Records contained in a dataset:
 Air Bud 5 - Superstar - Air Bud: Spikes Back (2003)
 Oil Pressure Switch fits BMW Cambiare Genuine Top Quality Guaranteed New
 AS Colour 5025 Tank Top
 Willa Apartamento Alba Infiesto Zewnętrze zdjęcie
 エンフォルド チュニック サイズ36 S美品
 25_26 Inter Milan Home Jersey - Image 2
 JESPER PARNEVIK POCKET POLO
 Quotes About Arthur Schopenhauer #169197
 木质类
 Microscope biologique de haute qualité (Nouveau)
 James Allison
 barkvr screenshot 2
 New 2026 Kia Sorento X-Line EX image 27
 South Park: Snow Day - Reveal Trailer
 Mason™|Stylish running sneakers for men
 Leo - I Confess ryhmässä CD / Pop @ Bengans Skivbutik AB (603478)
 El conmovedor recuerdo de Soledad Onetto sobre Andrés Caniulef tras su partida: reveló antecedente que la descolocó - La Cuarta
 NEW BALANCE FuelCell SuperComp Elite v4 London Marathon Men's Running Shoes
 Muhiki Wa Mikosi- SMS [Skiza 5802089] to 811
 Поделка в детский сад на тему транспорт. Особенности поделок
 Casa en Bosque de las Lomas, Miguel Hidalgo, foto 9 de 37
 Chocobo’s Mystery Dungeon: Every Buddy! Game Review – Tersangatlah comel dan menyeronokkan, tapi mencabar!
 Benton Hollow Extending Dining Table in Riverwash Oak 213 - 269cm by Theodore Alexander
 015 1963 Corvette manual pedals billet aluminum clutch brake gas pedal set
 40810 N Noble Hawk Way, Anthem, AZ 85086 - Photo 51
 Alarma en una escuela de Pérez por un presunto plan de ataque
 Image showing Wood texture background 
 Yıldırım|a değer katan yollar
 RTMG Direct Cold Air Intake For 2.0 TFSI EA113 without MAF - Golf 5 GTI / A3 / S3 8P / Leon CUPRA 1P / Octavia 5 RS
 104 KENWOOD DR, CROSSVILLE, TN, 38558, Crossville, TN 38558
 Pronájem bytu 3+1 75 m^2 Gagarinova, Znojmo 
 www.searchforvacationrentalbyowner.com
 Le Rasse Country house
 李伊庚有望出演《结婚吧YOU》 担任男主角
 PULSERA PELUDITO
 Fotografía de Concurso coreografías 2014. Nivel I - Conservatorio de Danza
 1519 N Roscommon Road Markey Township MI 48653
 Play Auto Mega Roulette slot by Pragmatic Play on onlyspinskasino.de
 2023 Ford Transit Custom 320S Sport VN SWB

Exercise details:
Out of the data above, give again only the lines starting at the one holding "South Park: Snow Day - Reveal Trailer" and ending at the one holding "40810 N Noble", unchanged.

Completed task:
 South Park: Snow Day - Reveal Trailer
 Mason™|Stylish running sneakers for men
 Leo - I Confess ryhmässä CD / Pop @ Bengans Skivbutik AB (603478)
 El conmovedor recuerdo de Soledad Onetto sobre Andrés Caniulef tras su partida: reveló antecedente que la descolocó - La Cuarta
 NEW BALANCE FuelCell SuperComp Elite v4 London Marathon Men's Running Shoes
 Muhiki Wa Mikosi- SMS [Skiza 5802089] to 811
 Поделка в детский сад на тему транспорт. Особенности поделок
 Casa en Bosque de las Lomas, Miguel Hidalgo, foto 9 de 37
 Chocobo’s Mystery Dungeon: Every Buddy! Game Review – Tersangatlah comel dan menyeronokkan, tapi mencabar!
 Benton Hollow Extending Dining Table in Riverwash Oak 213 - 269cm by Theodore Alexander
 015 1963 Corvette manual pedals billet aluminum clutch brake gas pedal set
 40810 N Noble Hawk Way, Anthem, AZ 85086 - Photo 51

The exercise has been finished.